Even without his glasses he could see the figure on the front. He stayed very silent while she climbed under the covers and snuggled up against him as the theme music rose, and Fess Parker strode onto the screen.

"Somebody should have watched it with you," she said softly, not surprised when he didn't look at her. Instead, she handed him the remote, yawning widely.

"We didn't get very much sleep last night did we?"

"Not much.
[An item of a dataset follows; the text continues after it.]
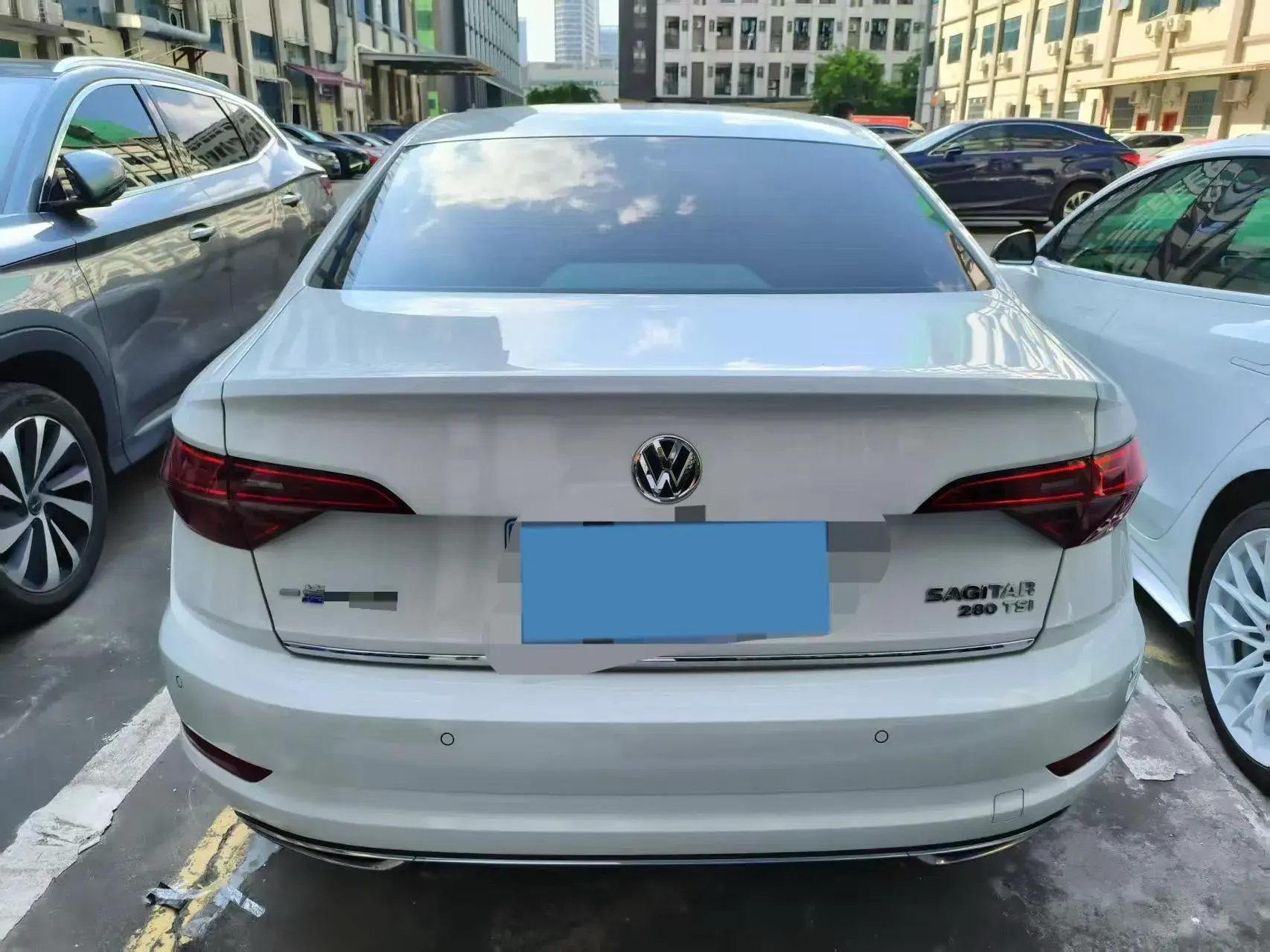 2019 VOLKSWAGEN SAGITAR thumbnail 3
As I recall you kept me rather busy," Giles pointed out, unable to entirely hide the emotion in his matter-of-fact tone.

"Like you're complaining," she teased. "So, does Crockett kick Mike Fink's butt?"

"Watch the show and find out," he told her, grunting when she reached up and kissed him long and passionately.

"Bookmark," she explained when they parted again.


"Are you sure it's okay? I mean, Giles isn't here...we shouldn't..."

"No we shouldn't," Tara agreed. "It can wait."

Willow looked at both of them. "I want to finish their surprise, and can't do it without that book. We have to..."

"Why couldn't it be at the Magic Box like all the others?" Xander growled.

"Because it was his grandmother's. It's special."

"And you're even thinking about touching it, why?" he demanded, surprised and annoyed.

"Because it's important," Willow retorted. "This spell is to protect both of them. I-it's going to give them both power over darkness."

"Willow?" Tara's voice was alarmed.

"I can do this," Willow insisted, annoyed. "Why does everybody assume I'm going to fail?"

"Um, because you always-"

Xander clapped a hand over his girlfriend's mouth. "Because we worry about you, Will. This isn't a good idea. It's wrong and it's not fair to Giles."

"I don't care. You just think I'm going to mess up again. I'm going to get the book and do the spell and...and..."

Willow had unlocked the door with the spare key from under the planter, and stumbled into the apartment before she ran out of steam.

Everything was still and quiet. Before Tara or Xander could stop her, Willow had started up the stairs. By the time she reached the landing they were all behind her and all almost cannoned into her when she stopped dead.
The television had long since run to static and the occupants of the bed were asleep sitting up, Buffy curled up against Giles.

Willow made a frustrated face then half smiled at the sleeping pair before turning. Most of the others followed.

For a long moment Xander remained, the instinctively grossed-out look on his face giving way to amusement. Then he was smiling to himself, his eyes very bright as he watched two of the loneliest people he knew not being lonely any more.

"Finally," he whispered

After another moment he turned to follow the others.